For YSR Congress and TDP, it is to do with the Union Government’s refusal to grant special category status for Andhra Pradesh; for the AIADMK, it will be the Centre’s failure to constitute the Cauvery Management Board. There is, therefore, no commonality of purpose. In the midst of all these, the Congress, which is the single largest opposition party, continues to ride piggyback on the regional parties’ discontent. While its accusation against the Modi Government are the most comprehensive and not limited to local issues — failure to protect farmers’ interests, failure to clamp down on those accused of financial crimes and complicity in allowing them to flee the country, failure to ensure communal harmony, failure to establish clear foreign policies on China and Pakistan, etc — the Congress has not yet sought to move its own no-confidence motion.

Like the Congress, the Left Front too is seeking to make hay while the sun shines. The opposition parties have accused the treasury bench of blocking efforts in Parliament to allow the presentation of the non-trust move, but why would the Government do that when it has the numbers to sail through? It is alleged that the Modi regime is afraid of a debate because it would be exposed in the process. By the same logic, the opposition parties too are fearful that their designs would be exposed to the people in the course of such a debate.
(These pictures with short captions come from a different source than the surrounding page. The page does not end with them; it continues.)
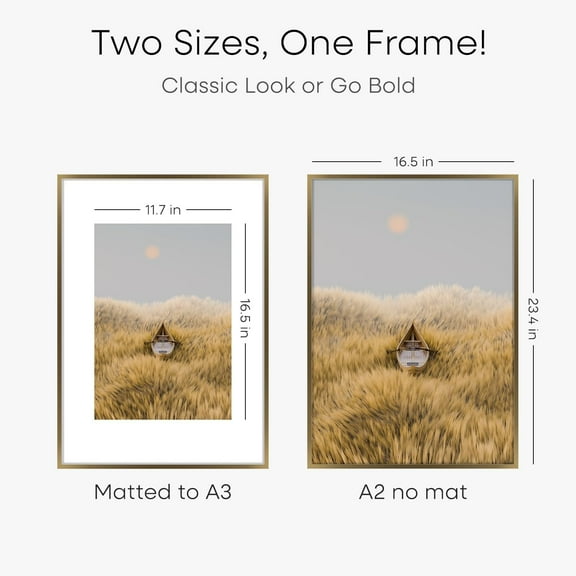 A2 Picture Frame Bronze, High End Metal 16.5 x 23.4 inch Poster Frames with Mat 11.7 by 16.5 Photo, A2 Size Brass Frames Matted to A3 Print, 16.5x23.4 Hanging Frame, Tempered Glass, Set of 1
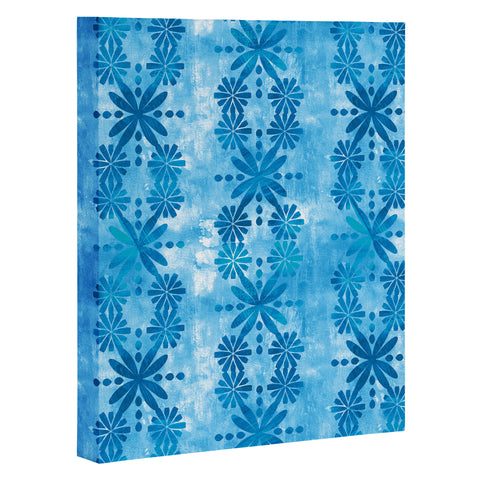 Schatzi Brown Boho Turquoise Flower Art Canvas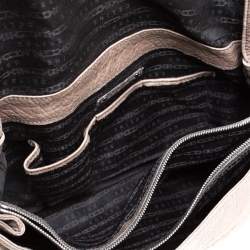 Pre Owned Celine Dark Beige Pebbled Leather Trunlock Flap Chain Bag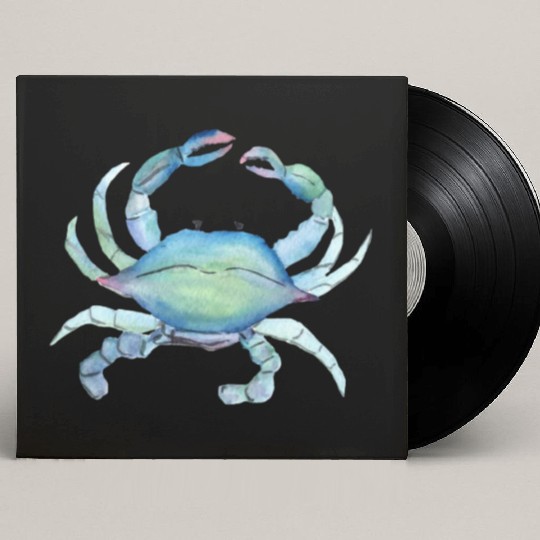 Crab watercolor illustration Custom Vinyl Record Sleeves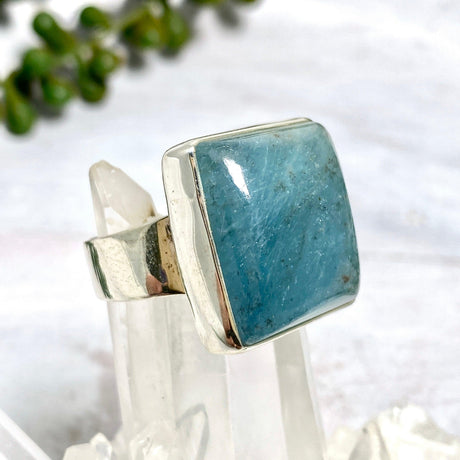 Aquamarine square beaten band ring s.11 KRGJ2317 - Nature's Magick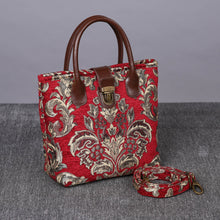 Load image into Gallery viewer, Mini Carpet Tote&lt;br&gt;Victorian Blossom Red/Gold
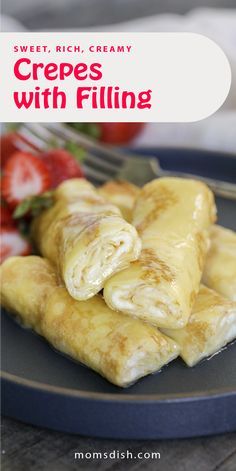 Crepes with filling are delicious and creamy, these crepes make for the best dessert. These crepes with filling are the best addition to any dinner, they are simple and rich, these will be a dessert you will adore. These crepes are a classic addition to any Ukrainian celebration. #crepes #crepeswithfilling #easydessert Crêpe Recipe, Best Crepes, Best Crepe Recipe, Sweet Crepes Recipe, Crepes Party, Homemade Crepes, Easy Crepe Recipe, Crepes Filling, Crepe Recipe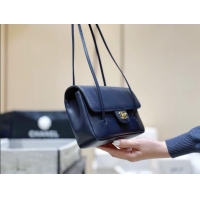 Promotional Chanel Small Flap Bag in Grained Shiny Calfskin AS6130 Deep Blue Spring-Summer 2026 Top Quality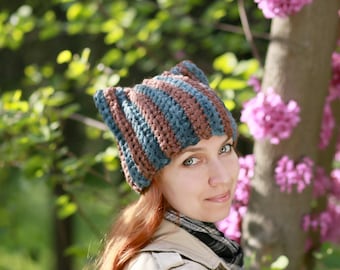 Crochet Cat Ear Beanie: Pink & Blue Knit Hat, Kawaii Costume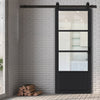 Top Mounted Black Sliding Track & Solid Wood Door - Eco-Urban® Staten 3 Pane 1 Panel Solid Wood Door DD6310G - Clear Glass - Shadow Black Premium Primed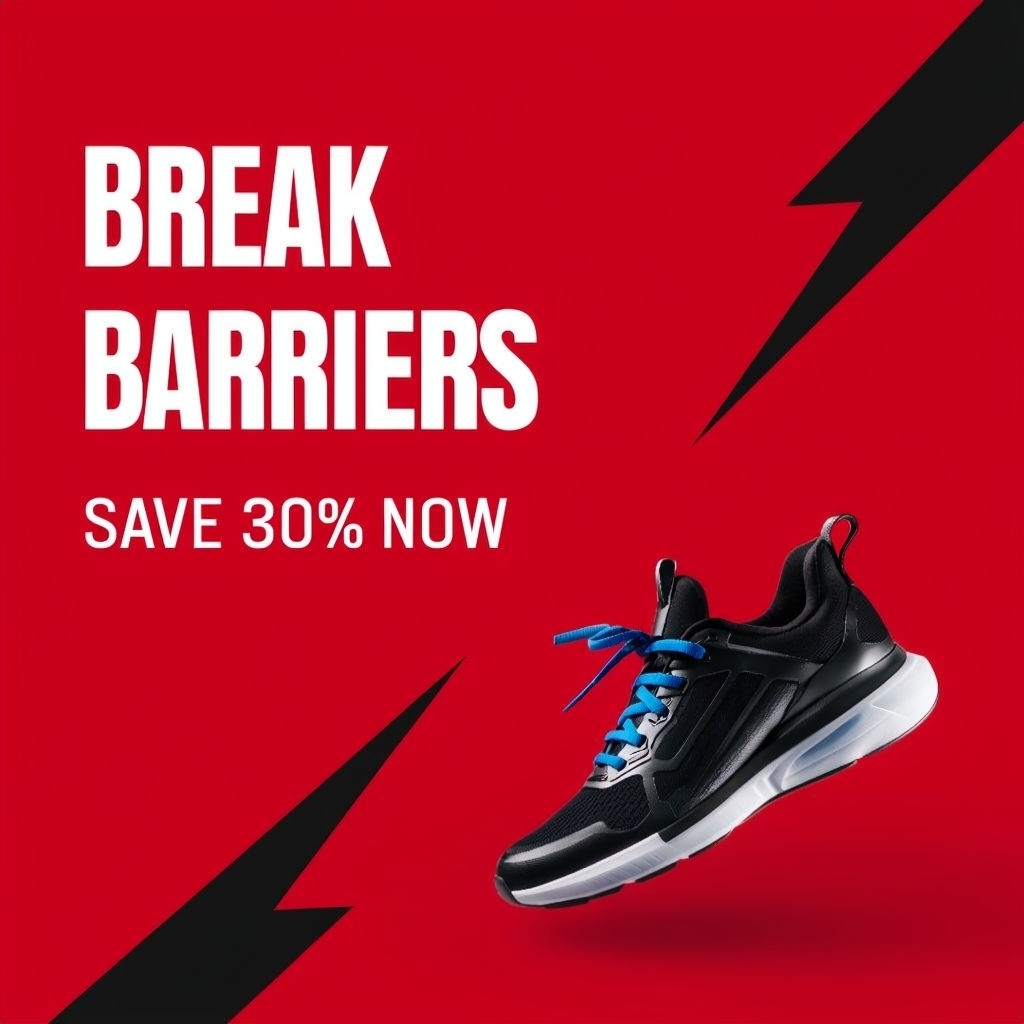 Dynamic Ruby Red Running Shoes Advertisement Poster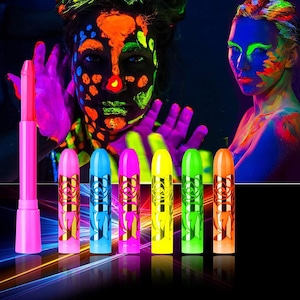 Neon Fluorescent Glow Makeup Set of 6 Colors DIY Face Body Paint Crayons Fluorescent Face Paints for Glow Party Supplies Mardi Gras Crafting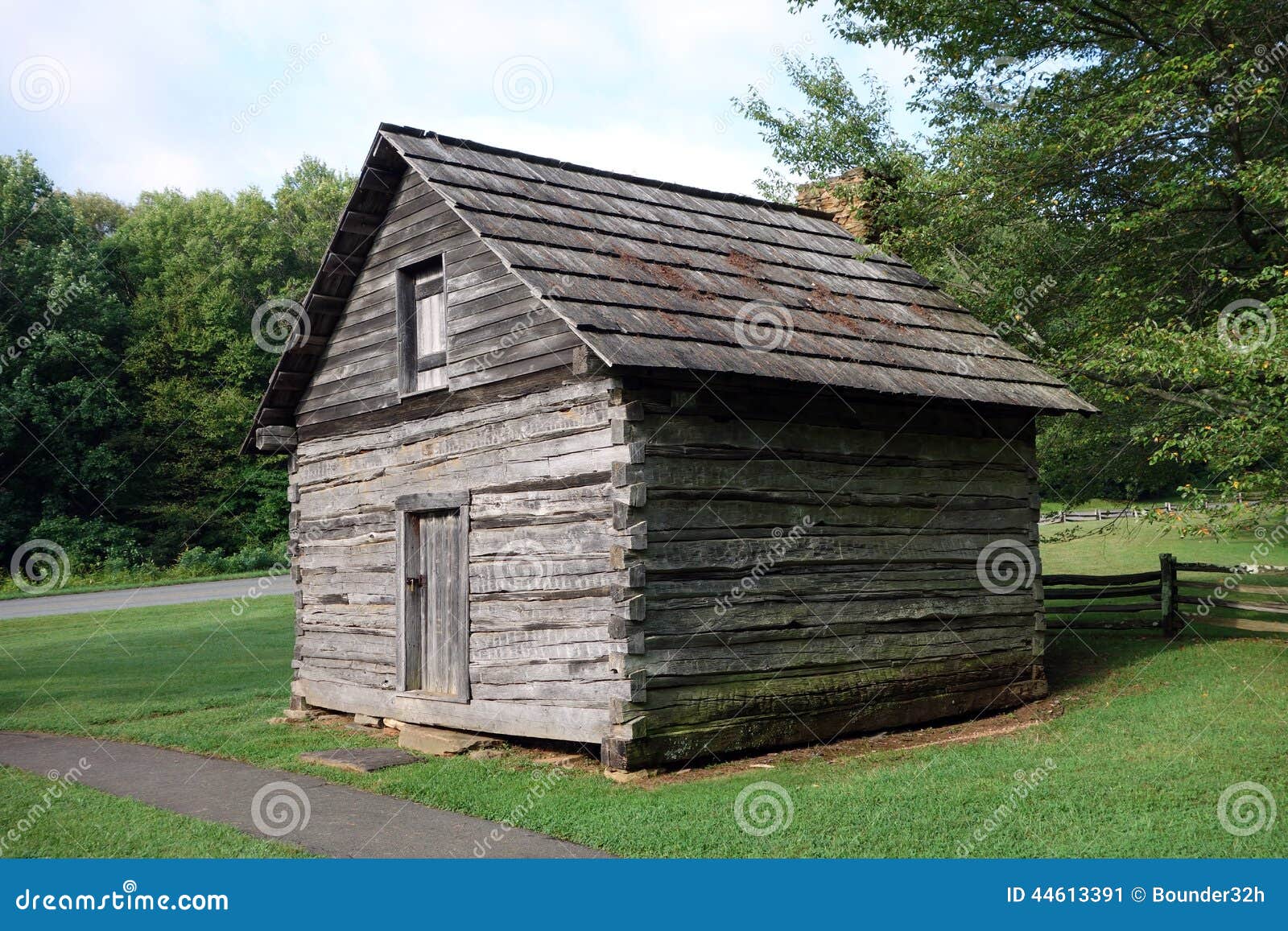 A Log Cabin from Pioneer Days Stock Image - Image of house, closed ...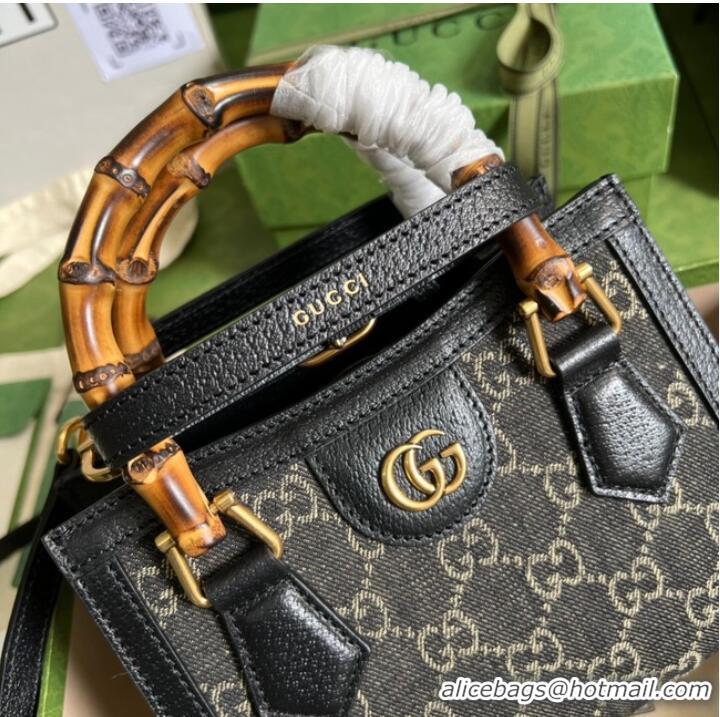 Inexpensive Gucci GG denim jacquard Diana mini tote bag 655661 Black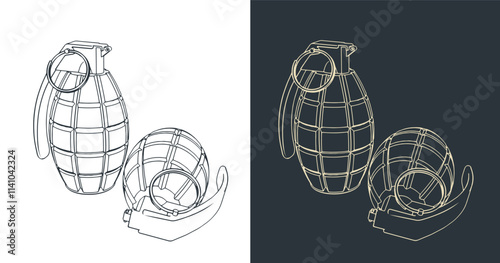 Hand fragmentation grenade sketches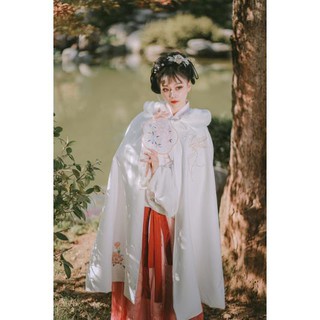 Hanfu capa mujer añadir pelo engrosamiento largo capa estilo traje chal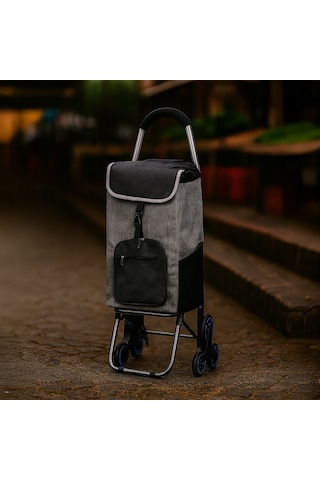 Sessiz 3 Tekerlekli Pazar Arabası Su Geçirmez, Fermuarlı Çantalı Gri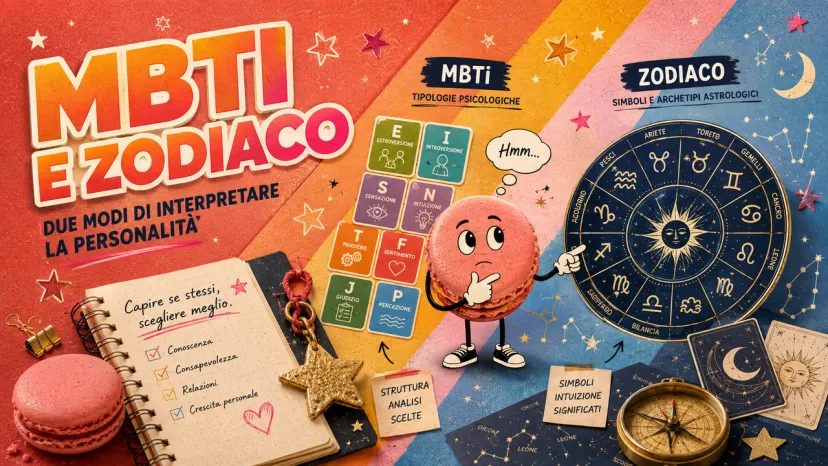 Grafica sul confronto tra il test MBTI e lo zodiaco per comprendere la personalità.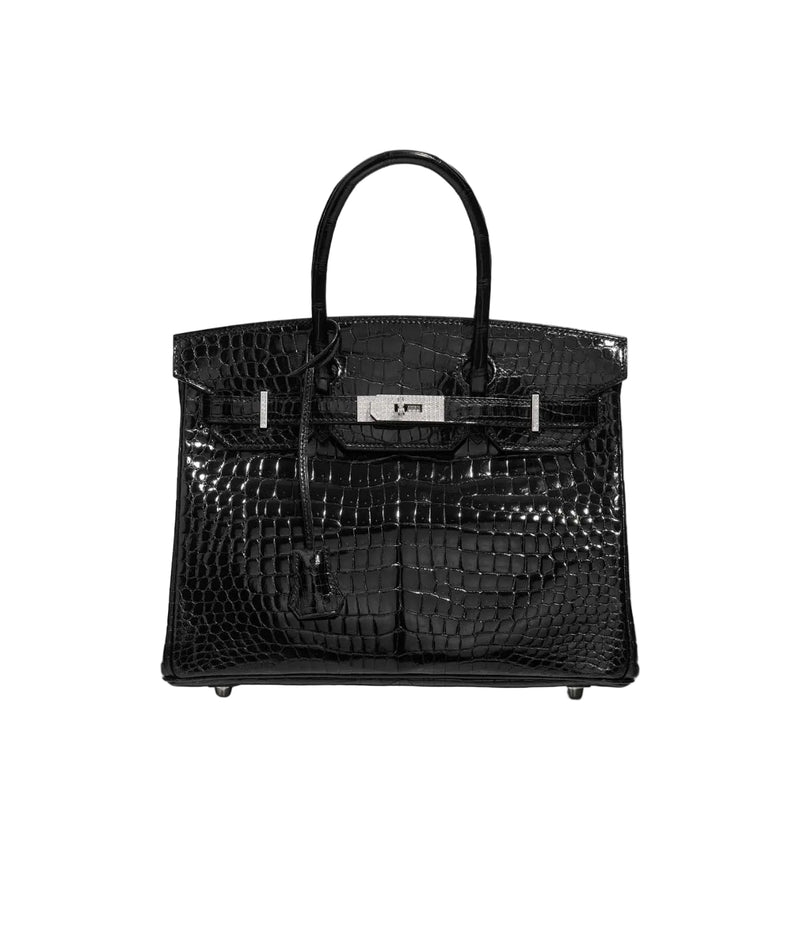 Hermés Birkin 25 Black Crocodile Palladium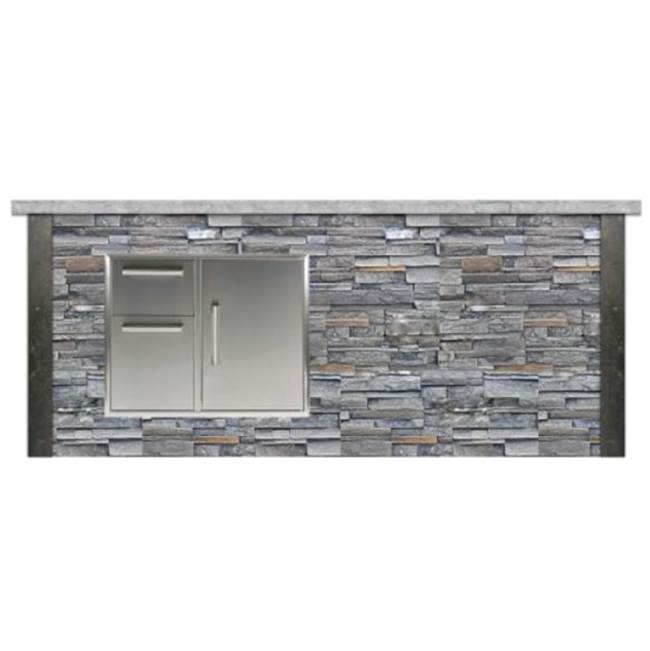 Coyote Outdoor Living 8ft Bar Island - Storage with Gray Stacked Stone Profile Bar on Right FOR CCD-2DC31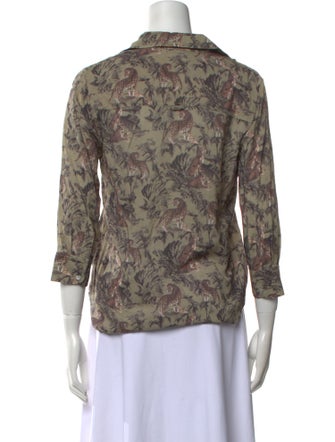 L'Agence Printed Three-Quarter Sleeve Button-Up Top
After all, what have they to say except display their anti-Modi venom?

These various demands for no-trust motions are also seen as the rise of a united opposition in the making. Well, if they cannot even unite on a single no-confidence motion, then all is not well in the opposition camp. The Congress is hoping that it will be in a stronger position to take the lead if it wins the coming Karnataka Assembly election. But what if it loses?